__What you have to do__
Output each record verbatim, with pictures left out.
Start of Records for this exercise
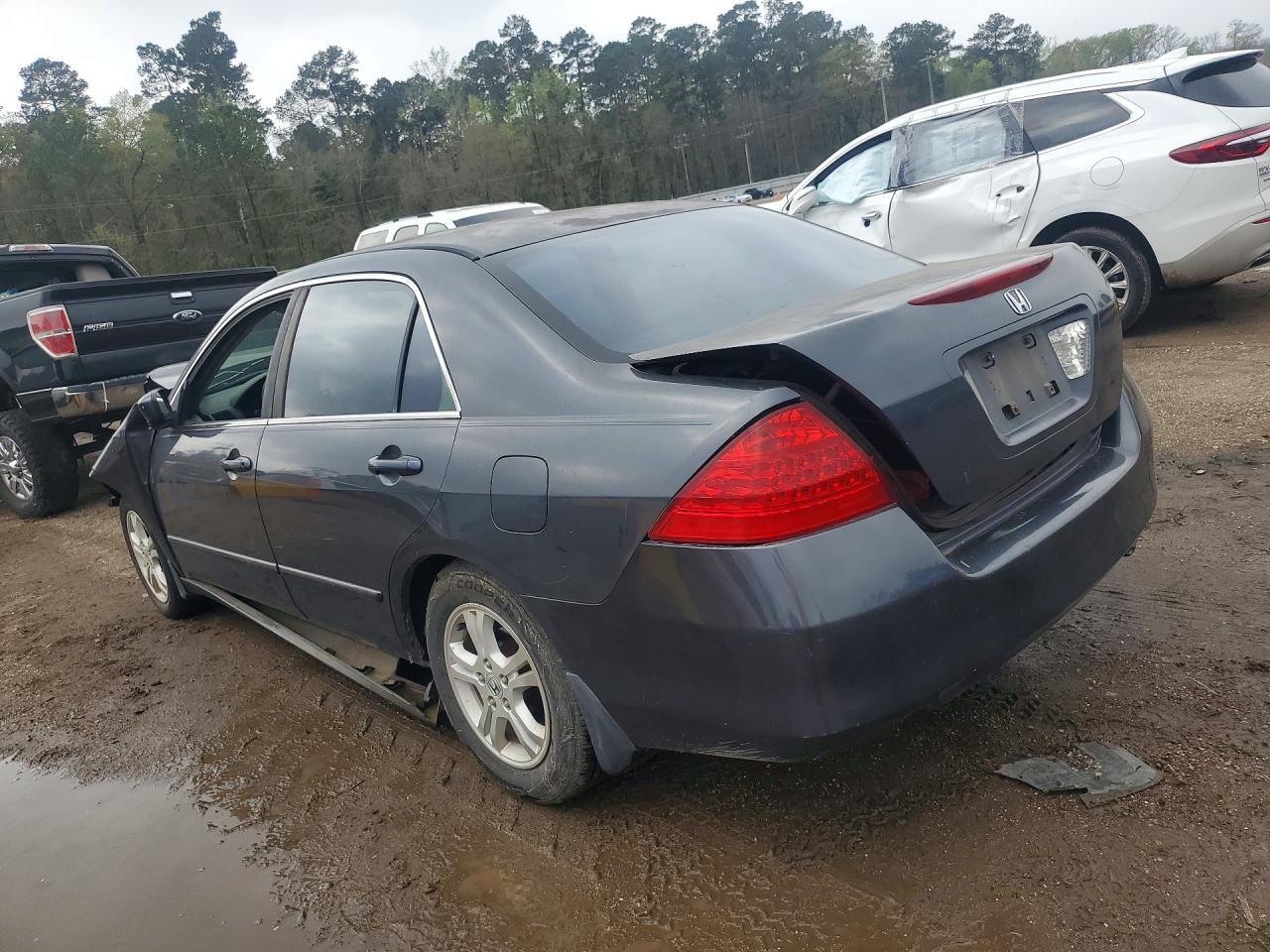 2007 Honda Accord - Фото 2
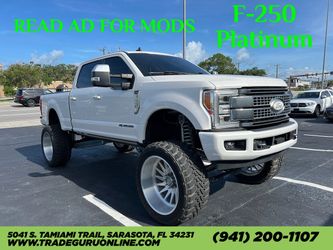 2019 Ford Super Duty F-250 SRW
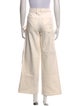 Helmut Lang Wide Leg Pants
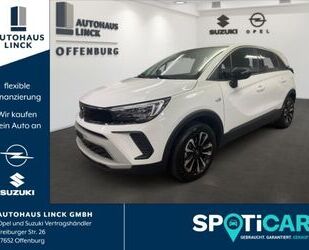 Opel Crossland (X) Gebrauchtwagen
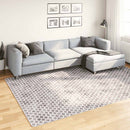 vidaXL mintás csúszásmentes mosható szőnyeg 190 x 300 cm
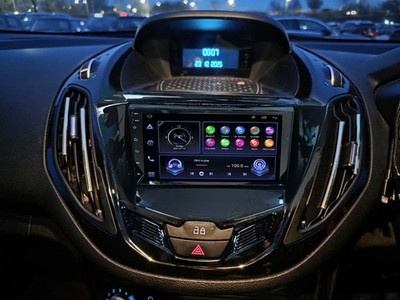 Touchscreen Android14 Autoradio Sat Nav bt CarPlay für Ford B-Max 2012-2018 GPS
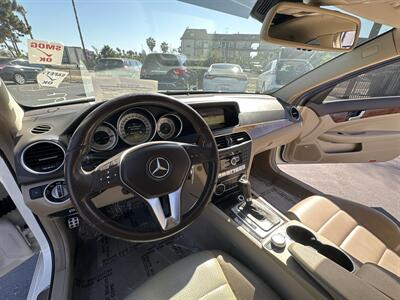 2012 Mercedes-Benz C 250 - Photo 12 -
End of Records for this exercise
__Answer for the task__
 2007 Honda Accord - Фото 2
 2019 Ford Super Duty F-250 SRW
 Helmut Lang Wide Leg Pants
 Opel Crossland (X) Gebrauchtwagen
 vidaXL mintás csúszásmentes mosható szőnyeg 190 x 300 cm
 Touchscreen Android14 Autoradio Sat Nav bt CarPlay für Ford B-Max 2012-2018 GPS
 2012 Mercedes-Benz C 250 - Photo 12 -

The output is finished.